— YOUR ASSIGNMENT —
Below are records; quote them exactly from the first line through the line that contains "BAESD Girls Round".

— EXTRACTED DATA —
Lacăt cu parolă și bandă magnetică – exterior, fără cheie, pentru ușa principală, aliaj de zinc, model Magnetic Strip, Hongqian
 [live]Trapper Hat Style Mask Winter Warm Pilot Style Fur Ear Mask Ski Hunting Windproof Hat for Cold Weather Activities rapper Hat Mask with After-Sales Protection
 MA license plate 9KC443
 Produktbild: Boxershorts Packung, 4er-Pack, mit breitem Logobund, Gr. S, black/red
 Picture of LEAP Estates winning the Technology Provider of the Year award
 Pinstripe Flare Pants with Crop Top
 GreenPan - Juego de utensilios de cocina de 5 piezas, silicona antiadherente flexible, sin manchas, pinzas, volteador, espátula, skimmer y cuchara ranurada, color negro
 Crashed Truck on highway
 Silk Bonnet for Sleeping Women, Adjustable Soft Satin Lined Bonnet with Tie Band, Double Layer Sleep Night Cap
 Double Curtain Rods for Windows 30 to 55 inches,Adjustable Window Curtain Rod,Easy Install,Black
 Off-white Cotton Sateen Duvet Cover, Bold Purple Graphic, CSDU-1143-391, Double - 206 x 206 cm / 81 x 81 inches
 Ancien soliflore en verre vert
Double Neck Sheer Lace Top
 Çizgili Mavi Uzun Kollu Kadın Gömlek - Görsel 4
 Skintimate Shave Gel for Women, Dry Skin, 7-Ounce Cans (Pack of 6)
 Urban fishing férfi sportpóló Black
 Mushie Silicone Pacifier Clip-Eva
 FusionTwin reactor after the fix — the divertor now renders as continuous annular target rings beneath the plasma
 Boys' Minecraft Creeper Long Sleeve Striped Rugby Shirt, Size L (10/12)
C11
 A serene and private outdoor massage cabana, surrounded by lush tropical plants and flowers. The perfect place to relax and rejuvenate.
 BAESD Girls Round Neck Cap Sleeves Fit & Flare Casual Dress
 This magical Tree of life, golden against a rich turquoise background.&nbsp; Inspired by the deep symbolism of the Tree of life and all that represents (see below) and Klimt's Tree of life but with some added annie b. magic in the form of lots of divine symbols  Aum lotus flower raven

— ANSWER FOR THIS EXERCISE —
Lacăt cu parolă și bandă magnetică – exterior, fără cheie, pentru ușa principală, aliaj de zinc, model Magnetic Strip, Hongqian
 [live]Trapper Hat Style Mask Winter Warm Pilot Style Fur Ear Mask Ski Hunting Windproof Hat for Cold Weather Activities rapper Hat Mask with After-Sales Protection
 MA license plate 9KC443
 Produktbild: Boxershorts Packung, 4er-Pack, mit breitem Logobund, Gr. S, black/red
 Picture of LEAP Estates winning the Technology Provider of the Year award
 Pinstripe Flare Pants with Crop Top
 GreenPan - Juego de utensilios de cocina de 5 piezas, silicona antiadherente flexible, sin manchas, pinzas, volteador, espátula, skimmer y cuchara ranurada, color negro
 Crashed Truck on highway
 Silk Bonnet for Sleeping Women, Adjustable Soft Satin Lined Bonnet with Tie Band, Double Layer Sleep Night Cap
 Double Curtain Rods for Windows 30 to 55 inches,Adjustable Window Curtain Rod,Easy Install,Black
 Off-white Cotton Sateen Duvet Cover, Bold Purple Graphic, CSDU-1143-391, Double - 206 x 206 cm / 81 x 81 inches
 Ancien soliflore en verre vert
Double Neck Sheer Lace Top
 Çizgili Mavi Uzun Kollu Kadın Gömlek - Görsel 4
 Skintimate Shave Gel for Women, Dry Skin, 7-Ounce Cans (Pack of 6)
 Urban fishing férfi sportpóló Black
 Mushie Silicone Pacifier Clip-Eva
 FusionTwin reactor after the fix — the divertor now renders as continuous annular target rings beneath the plasma
 Boys' Minecraft Creeper Long Sleeve Striped Rugby Shirt, Size L (10/12)
C11
 A serene and private outdoor massage cabana, surrounded by lush tropical plants and flowers. The perfect place to relax and rejuvenate.
 BAESD Girls Round Neck Cap Sleeves Fit & Flare Casual Dress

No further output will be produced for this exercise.